The traditional approach to retailing a car goes like this; the salesman says “The price is $ X. Shall I draw up the paperwork?” Then the customer says, “Well no, you have to come off that a little bit.” (Or “No, you have to come off of that a lot” or “No, I’m willing pay $ Y and not a penny more” or something like that). The salesman then marches to the sales office and tells the manager the customer wants a discount or tells him what the customer wants to pay. The manager counteroffers and the salesman takes that new number back to the customer. The customer then either agrees with the new number or says “No” at which point the salesman trudges back to the sales office for a new counter offer, repeating this back-and-forth process as many times as necessary until either the parties agree to a price or the customer goes home without a new car.

Now, when you read the paragraph above the procedure looks very nonthreatening, doesn’t it?

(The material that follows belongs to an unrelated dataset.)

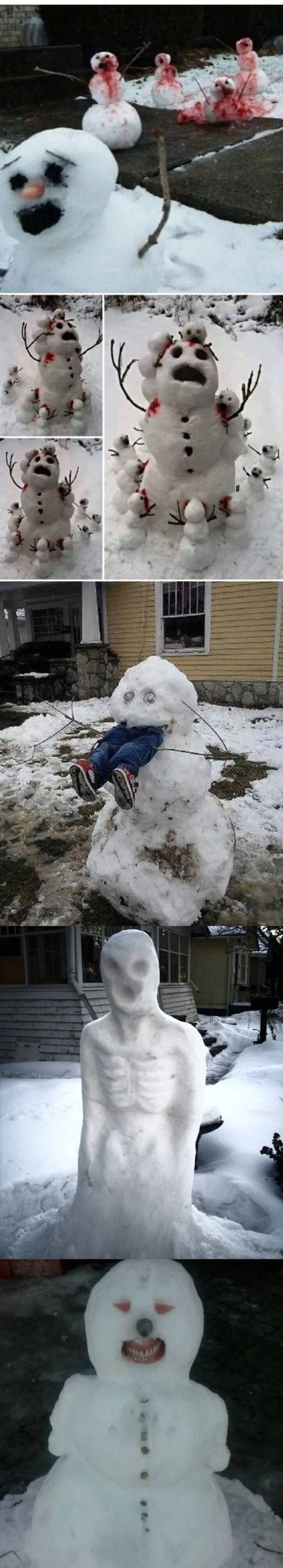 공포의 눈사람들.jpg_1.jpg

It’s a simple back-and-forth negotiation and not hard to understand. So why does it fill people with such dread?

We know the answer: it fills them with dread because they (the customers) know going in that they do not possess the knowledge that would put them on equal footing with the salesman. They don’t know what their trade-in is really worth (wholesale), and they don’t know the fair market retail price of the car they are trying to buy. Even though much of this info IS available to the consumer who wants to research in advance of his/her visit to the dealership, most do not do this homework. And many who have done the homework misunderstand the info and therefore come into the dealership with flawed expectations of what should take place.

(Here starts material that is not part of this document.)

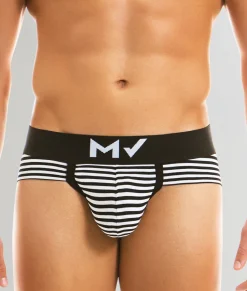 Jockstraps<Modus Vivendi Marine Jockstrap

One much trumpeted solution is for dealers to be liberal with their knowledge and information. We’ve all seen the slogan for Syms stores, “An educated consumer is our best customer.” Well, why can’t car dealers apply this same approach to car sales? The answer is they can; indeed, I sell this way and have for more than 10 years. But for some people full disclosure turns out to be not enough. No matter how much info the dealers gives them, and no matter how many invoices or interest rate charts he shows them, these people still have mistrust.

Since the customer in this example doesn’t possess the knowledge of the salesman, there is no way for him/her to know where the truth really lies. No matter how transparent the sales process, no matter how liberal the salesman is with info, this customer is convinced that there must be a catch! “Is that the real invoice he is showing me?” “Is he telling me the truth about my trade-in?” “Is he making a gazillion dollar profit off of me?” “Oh no,” they think, “I can’t figure out the catch – then (gasp) maybe that IS the catch? I’m in a trap!” The result of this downward spiraling logic? Paranoia.

Back when I sold new homes we had a sales trainer who taught us “Remember, the day the customers first walk into your model home they are not looking for a house. They are looking for a salesperson who understands them.” Because once they sense that the salesperson genuinely cares about helping them they can let down their guard and enter to a bond of trust. Then, and only then, can they begin picking out a house. Or, in today’s example, a car.

So my advice to customers? Relax. Then find a salesperson whom you trust. The car part will take care of itself.